That seems to apply to the relationships of all of the characters on the show. Schmidt ends up in a relationship with ball-breaking politician Fawn Moscato. Nick dates the granddaughter of his elderly friend Tran for a while. Winston, who has now fully embraced his career as a policeman, falls for his partner Aly, who doesn’t seem to return his feelings.
I guess Coach’s relationship actually flourishes, since he leaves LA to move to New York with his girlfriend. Also, Jess’s dad (Rob Reiner) seems to do well with his much younger girlfriend Ashley (Kaitlin Olson, from It’s Always Sunny in Philadelphia), whom he marries in the episode “Oregon” later in the season.
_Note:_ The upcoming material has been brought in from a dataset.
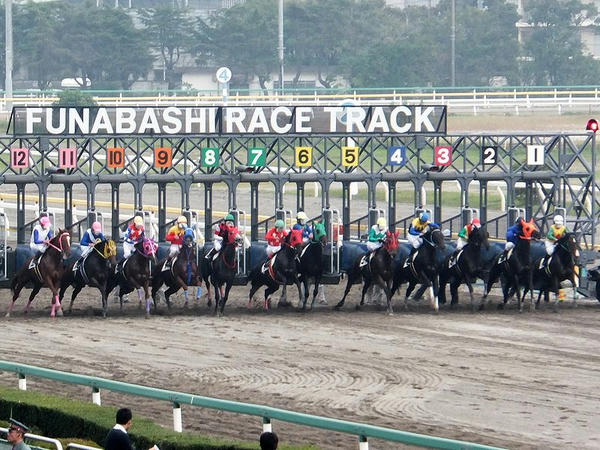 第8レースのスタート！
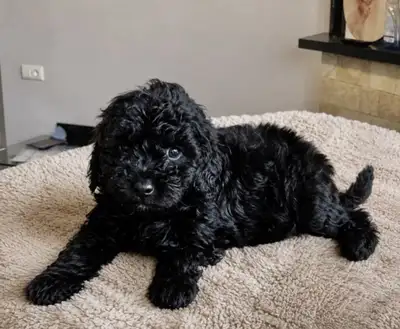 CKC registered, fully vaccinated Toy poodle puppies, View more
In spite of the improvement in tone over the previous season, this season does seem to lack a certain amount of focus. There’s no real season-long arc, just random couplings and decouplings, with a little workplace stuff thrown in to spice things up. You might say that this season was about patching things up between Schmidt and CeCe, since he ends up proposing to her at the end. But, it really didn’t feel that way during the season.
Casual drug use again rears its ugly head, in one episode where pot brownies are baked and the gang has to meet Winston’s cop friends while stoned, and in another where Jess’s mom (Jamie Lee Curtis) has taken hallucinogenics. This and the abundance of sexual plots and themes doesn’t exactly make this series kid-friendly. However, they’ve probably seen worse.
I liked Season 4. I liked it better than Season 3, although you might not think so when you see that I’m giving it the same score. The newness of New Girl has worn off by this point, and some of our characters’ antics are beginning to seem a bit worn. Some of the jokes and comedic beats are beginning to seem too familiar, too comfortable. This isn’t all bad, because I still enjoy being around these characters.
However, it’s not the same level of enjoyment that I had for the first two seasons.
The thrill’s not gone entirely. I’m hoping we can rekindle a bit of it in the next season.